Work required
Copy the data exactly, pictures aside.

Material provided
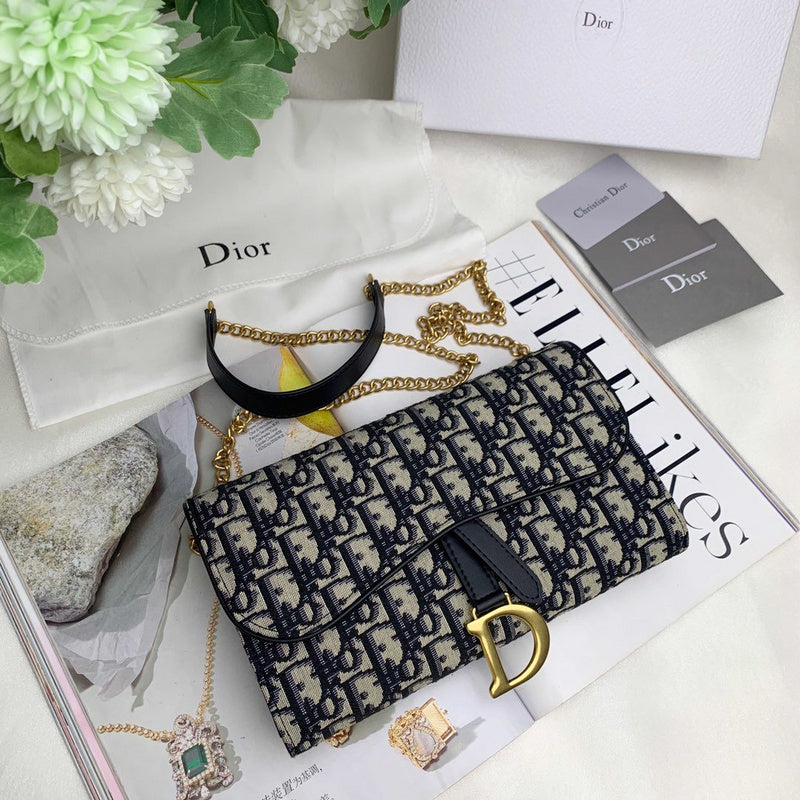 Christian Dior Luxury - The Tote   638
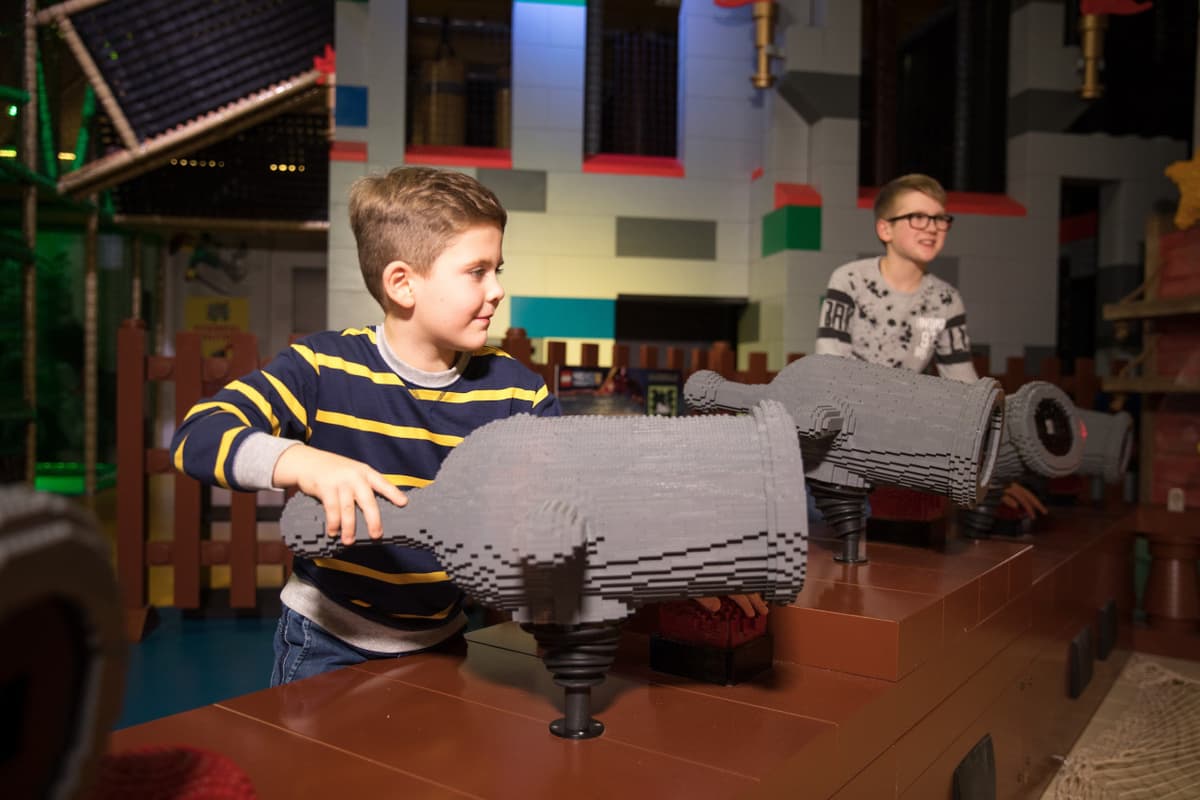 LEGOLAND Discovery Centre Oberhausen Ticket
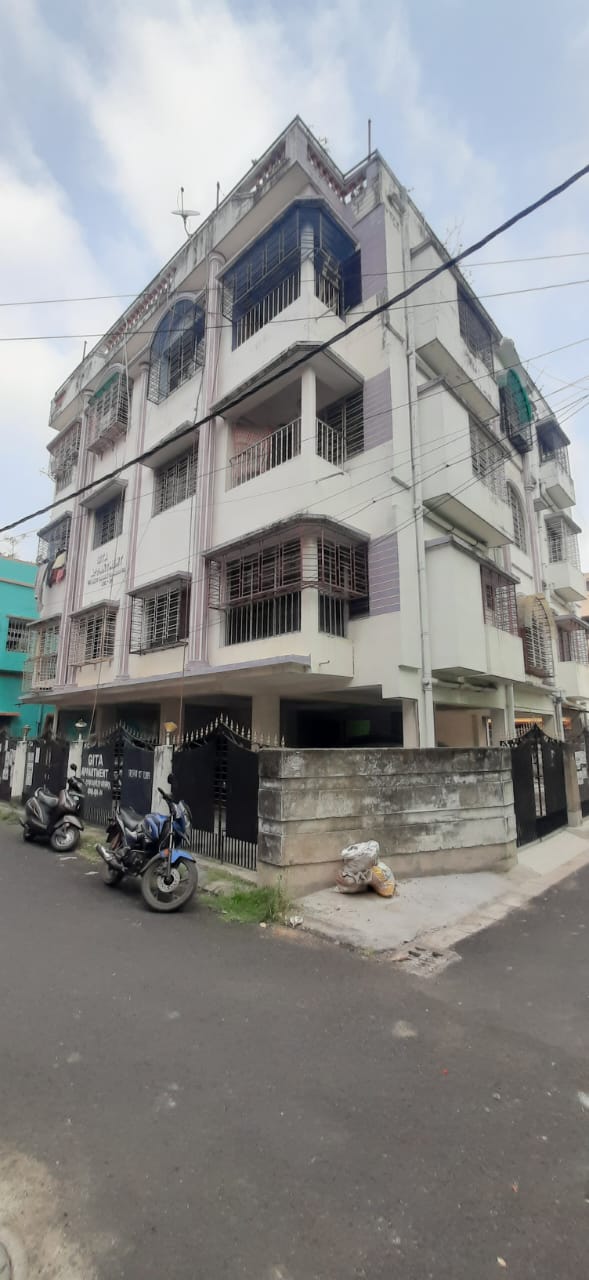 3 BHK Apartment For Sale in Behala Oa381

Finished task
 Christian Dior Luxury - The Tote   638
 LEGOLAND Discovery Centre Oberhausen Ticket
 3 BHK Apartment For Sale in Behala Oa381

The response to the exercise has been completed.